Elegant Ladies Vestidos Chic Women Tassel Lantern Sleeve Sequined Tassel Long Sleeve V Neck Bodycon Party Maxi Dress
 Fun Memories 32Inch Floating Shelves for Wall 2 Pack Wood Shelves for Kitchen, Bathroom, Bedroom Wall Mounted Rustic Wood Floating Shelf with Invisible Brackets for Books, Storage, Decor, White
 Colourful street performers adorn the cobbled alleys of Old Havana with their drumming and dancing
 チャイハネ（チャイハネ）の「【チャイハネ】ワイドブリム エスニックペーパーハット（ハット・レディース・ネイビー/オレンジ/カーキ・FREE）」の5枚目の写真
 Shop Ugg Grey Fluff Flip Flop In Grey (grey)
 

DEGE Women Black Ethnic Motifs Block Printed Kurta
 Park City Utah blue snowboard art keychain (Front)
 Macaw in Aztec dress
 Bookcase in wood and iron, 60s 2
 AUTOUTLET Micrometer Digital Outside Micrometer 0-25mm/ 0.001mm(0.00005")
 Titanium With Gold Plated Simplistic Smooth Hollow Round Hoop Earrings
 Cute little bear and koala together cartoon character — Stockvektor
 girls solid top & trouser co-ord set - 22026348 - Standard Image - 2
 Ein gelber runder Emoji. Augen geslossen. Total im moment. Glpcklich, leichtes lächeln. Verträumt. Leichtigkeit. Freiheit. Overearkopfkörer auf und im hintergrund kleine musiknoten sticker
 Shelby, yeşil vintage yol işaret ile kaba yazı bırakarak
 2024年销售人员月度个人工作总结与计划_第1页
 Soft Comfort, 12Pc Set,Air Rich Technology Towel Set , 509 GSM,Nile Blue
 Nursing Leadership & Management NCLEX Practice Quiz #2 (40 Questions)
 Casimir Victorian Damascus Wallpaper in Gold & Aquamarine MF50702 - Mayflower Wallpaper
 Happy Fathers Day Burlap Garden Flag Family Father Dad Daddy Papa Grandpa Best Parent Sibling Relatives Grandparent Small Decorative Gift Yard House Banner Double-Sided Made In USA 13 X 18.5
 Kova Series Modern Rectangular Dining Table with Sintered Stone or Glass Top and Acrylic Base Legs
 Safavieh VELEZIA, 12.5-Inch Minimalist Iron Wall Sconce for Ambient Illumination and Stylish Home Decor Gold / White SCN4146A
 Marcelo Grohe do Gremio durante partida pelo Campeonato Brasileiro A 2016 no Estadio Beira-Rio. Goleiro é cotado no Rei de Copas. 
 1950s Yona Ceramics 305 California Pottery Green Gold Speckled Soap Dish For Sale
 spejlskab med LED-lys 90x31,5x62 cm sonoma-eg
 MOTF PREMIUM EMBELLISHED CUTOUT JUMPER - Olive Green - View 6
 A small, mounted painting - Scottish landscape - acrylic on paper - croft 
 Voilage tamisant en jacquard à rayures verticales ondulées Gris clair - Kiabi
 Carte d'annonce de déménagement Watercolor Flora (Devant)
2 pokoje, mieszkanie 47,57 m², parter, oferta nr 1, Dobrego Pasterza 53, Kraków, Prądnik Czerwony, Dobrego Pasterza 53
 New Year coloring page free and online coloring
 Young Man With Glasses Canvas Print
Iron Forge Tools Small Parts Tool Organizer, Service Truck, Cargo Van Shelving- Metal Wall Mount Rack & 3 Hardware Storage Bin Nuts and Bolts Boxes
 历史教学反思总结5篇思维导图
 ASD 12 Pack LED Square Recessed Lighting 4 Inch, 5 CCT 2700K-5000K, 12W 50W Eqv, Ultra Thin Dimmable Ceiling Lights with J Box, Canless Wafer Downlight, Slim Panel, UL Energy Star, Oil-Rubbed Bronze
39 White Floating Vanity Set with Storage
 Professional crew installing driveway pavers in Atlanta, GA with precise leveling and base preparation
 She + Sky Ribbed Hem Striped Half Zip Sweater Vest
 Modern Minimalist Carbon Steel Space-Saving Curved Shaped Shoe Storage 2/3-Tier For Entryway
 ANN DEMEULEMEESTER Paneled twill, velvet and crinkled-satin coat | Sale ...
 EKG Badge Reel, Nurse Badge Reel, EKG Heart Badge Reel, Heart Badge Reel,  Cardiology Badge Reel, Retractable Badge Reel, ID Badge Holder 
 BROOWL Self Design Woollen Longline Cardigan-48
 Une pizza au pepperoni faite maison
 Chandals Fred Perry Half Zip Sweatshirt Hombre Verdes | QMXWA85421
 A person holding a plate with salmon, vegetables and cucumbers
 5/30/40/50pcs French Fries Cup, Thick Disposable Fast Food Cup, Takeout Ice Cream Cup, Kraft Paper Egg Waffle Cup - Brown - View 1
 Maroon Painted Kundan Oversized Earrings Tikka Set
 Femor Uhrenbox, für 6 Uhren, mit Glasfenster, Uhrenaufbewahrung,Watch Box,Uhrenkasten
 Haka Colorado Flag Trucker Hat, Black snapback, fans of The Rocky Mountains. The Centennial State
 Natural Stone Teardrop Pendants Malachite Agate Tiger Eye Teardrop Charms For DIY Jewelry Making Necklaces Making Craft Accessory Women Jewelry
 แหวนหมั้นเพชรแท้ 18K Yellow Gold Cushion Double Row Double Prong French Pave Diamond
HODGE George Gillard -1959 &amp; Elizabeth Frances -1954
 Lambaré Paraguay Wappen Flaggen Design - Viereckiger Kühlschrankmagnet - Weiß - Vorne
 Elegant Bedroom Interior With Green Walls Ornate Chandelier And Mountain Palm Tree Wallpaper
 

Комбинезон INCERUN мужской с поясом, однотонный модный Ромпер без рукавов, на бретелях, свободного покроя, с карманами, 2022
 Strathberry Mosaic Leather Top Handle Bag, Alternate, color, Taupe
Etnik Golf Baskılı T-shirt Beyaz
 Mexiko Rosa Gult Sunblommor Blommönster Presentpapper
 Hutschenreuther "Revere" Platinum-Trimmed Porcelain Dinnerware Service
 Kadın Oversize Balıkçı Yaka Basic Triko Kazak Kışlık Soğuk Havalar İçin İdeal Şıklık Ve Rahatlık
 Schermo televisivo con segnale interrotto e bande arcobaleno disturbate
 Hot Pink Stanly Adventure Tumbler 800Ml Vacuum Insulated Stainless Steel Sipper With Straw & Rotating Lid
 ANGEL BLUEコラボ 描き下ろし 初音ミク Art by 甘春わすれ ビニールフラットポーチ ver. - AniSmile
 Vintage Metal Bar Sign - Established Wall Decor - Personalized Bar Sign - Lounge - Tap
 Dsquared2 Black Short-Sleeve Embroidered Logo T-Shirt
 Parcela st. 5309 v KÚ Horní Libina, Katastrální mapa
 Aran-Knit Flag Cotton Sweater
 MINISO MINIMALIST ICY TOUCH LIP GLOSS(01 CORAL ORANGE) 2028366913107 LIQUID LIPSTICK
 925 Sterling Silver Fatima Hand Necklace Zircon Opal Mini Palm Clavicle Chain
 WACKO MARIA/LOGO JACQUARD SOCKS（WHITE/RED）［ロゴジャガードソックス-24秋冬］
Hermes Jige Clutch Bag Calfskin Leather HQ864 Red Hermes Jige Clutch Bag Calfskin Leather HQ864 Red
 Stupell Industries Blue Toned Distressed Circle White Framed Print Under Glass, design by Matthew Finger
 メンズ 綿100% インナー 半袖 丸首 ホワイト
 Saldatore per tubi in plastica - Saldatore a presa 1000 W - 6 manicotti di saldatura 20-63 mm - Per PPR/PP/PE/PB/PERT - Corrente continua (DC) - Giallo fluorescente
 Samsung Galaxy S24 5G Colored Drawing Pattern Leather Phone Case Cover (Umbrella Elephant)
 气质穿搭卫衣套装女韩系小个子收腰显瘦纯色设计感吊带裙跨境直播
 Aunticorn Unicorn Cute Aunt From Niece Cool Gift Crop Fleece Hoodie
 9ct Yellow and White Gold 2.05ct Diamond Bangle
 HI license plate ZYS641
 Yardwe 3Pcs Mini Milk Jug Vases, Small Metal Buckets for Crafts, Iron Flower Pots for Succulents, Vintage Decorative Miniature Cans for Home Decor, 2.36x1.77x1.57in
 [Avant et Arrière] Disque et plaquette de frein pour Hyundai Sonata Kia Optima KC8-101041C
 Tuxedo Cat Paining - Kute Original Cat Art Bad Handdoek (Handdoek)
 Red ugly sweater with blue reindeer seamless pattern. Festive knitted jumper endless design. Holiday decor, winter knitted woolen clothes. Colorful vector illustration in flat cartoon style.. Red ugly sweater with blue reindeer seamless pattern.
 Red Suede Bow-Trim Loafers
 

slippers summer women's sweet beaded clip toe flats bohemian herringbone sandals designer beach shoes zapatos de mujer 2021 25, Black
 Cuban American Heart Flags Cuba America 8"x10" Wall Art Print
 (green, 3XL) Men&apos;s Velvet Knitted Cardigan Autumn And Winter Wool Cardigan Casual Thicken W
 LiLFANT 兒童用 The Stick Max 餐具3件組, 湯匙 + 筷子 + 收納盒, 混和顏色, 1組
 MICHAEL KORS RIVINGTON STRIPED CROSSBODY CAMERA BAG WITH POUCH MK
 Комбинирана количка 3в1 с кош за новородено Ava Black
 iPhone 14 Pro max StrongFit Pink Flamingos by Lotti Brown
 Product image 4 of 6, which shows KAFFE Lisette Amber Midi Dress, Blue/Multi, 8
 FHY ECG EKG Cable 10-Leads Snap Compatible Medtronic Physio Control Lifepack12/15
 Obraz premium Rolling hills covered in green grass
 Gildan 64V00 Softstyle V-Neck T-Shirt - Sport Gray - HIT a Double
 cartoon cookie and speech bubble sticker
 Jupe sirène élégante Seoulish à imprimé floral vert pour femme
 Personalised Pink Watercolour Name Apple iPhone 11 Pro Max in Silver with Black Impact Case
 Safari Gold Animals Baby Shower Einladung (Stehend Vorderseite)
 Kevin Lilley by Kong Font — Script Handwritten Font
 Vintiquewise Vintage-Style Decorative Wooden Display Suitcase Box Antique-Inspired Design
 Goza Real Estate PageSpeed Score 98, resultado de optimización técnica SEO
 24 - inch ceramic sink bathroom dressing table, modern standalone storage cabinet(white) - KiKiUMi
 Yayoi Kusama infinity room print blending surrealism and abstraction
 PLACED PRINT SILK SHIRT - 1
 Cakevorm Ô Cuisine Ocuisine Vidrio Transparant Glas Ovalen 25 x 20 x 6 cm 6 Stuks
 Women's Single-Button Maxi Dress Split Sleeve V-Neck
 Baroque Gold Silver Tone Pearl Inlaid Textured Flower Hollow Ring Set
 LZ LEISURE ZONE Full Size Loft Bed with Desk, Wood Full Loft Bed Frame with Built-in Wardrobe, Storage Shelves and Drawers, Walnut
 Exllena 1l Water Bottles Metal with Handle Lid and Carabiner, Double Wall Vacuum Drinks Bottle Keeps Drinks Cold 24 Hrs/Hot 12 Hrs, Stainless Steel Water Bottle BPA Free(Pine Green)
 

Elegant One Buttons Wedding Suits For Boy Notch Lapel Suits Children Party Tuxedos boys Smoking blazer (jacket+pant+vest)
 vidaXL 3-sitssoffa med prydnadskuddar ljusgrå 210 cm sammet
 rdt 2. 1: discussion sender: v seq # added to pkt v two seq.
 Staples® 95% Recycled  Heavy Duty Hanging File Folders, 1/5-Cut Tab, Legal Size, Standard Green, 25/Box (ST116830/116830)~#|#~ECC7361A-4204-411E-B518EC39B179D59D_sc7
──────────
__WHAT TO PRODUCE__: Exactly repeat the lines above, from the opening line through the one with "Fun Memories 32Inch", and include nothing else.

__YOUR RESPONSE__:
Elegant Ladies Vestidos Chic Women Tassel Lantern Sleeve Sequined Tassel Long Sleeve V Neck Bodycon Party Maxi Dress
 Fun Memories 32Inch Floating Shelves for Wall 2 Pack Wood Shelves for Kitchen, Bathroom, Bedroom Wall Mounted Rustic Wood Floating Shelf with Invisible Brackets for Books, Storage, Decor, White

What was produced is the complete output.